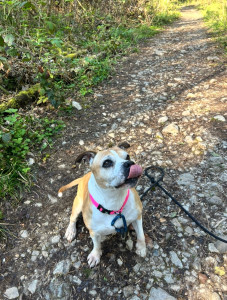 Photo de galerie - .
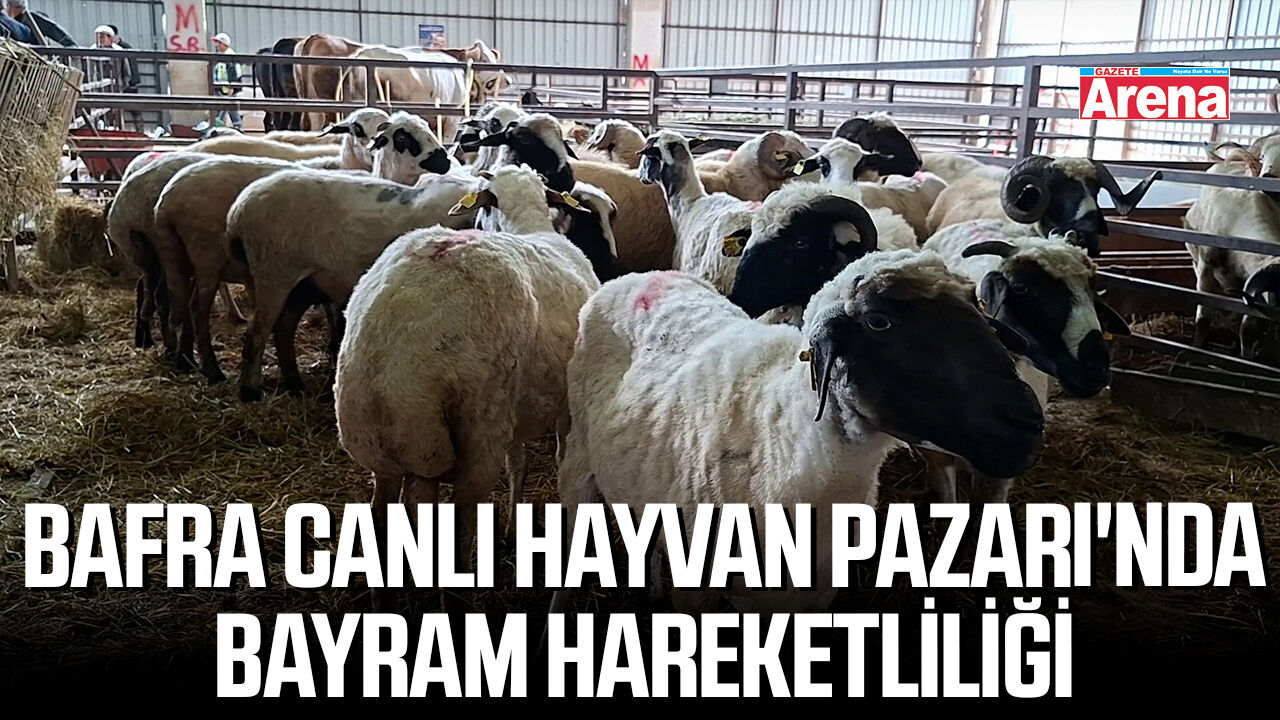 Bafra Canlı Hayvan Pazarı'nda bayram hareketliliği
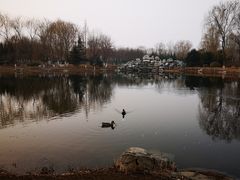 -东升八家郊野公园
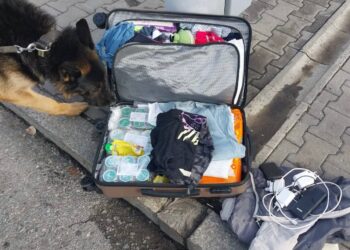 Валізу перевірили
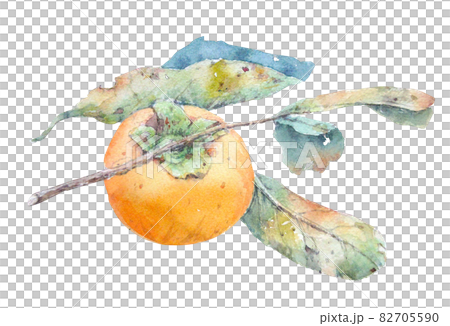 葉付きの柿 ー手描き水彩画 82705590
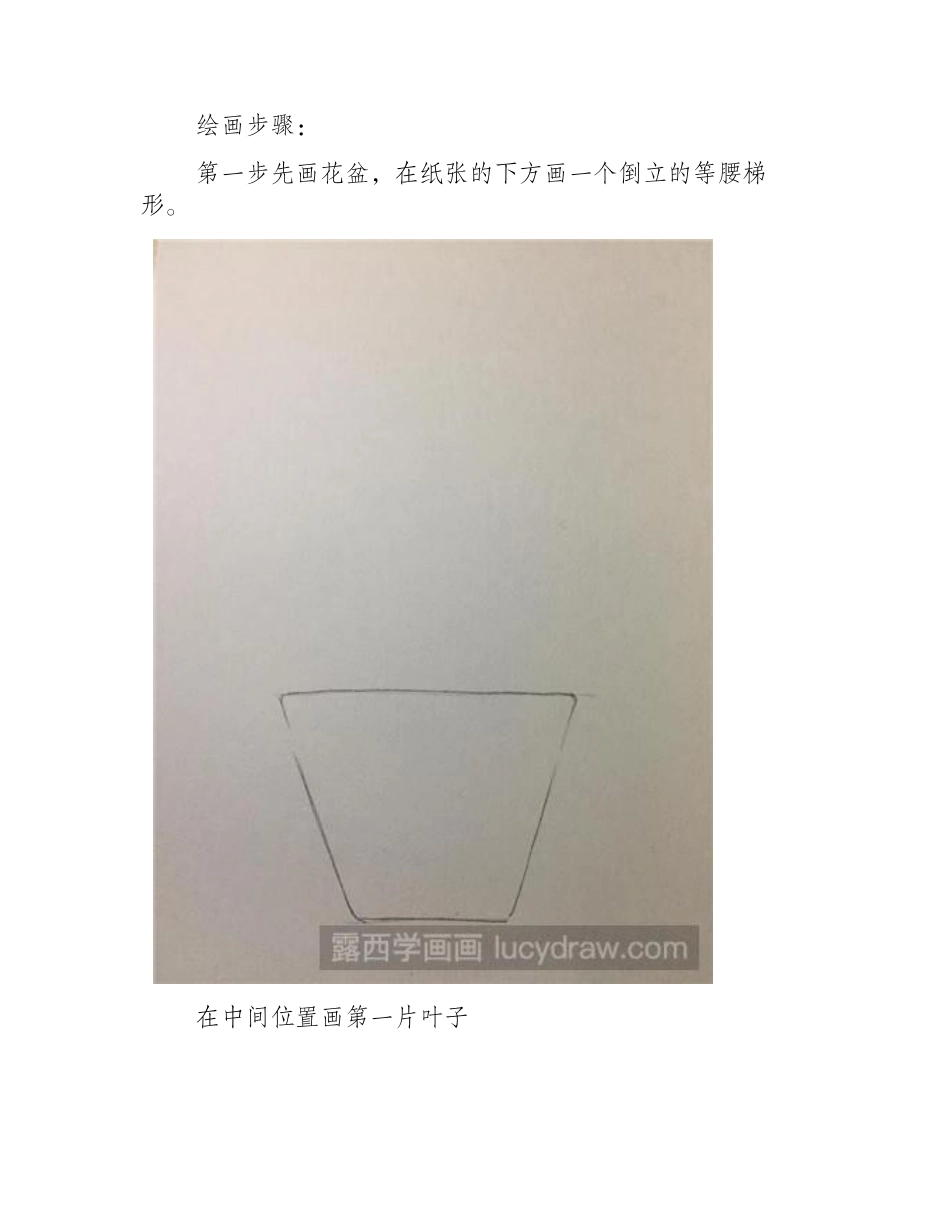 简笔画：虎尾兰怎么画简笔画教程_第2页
========================================
Your goal: No pictures, please. Output the listing above exactly as it stands.

Expected answer:
 Photo de galerie - .
 Bafra Canlı Hayvan Pazarı'nda bayram hareketliliği
 -东升八家郊野公园
 Валізу перевірили
 葉付きの柿 ー手描き水彩画 82705590
 简笔画：虎尾兰怎么画简笔画教程_第2页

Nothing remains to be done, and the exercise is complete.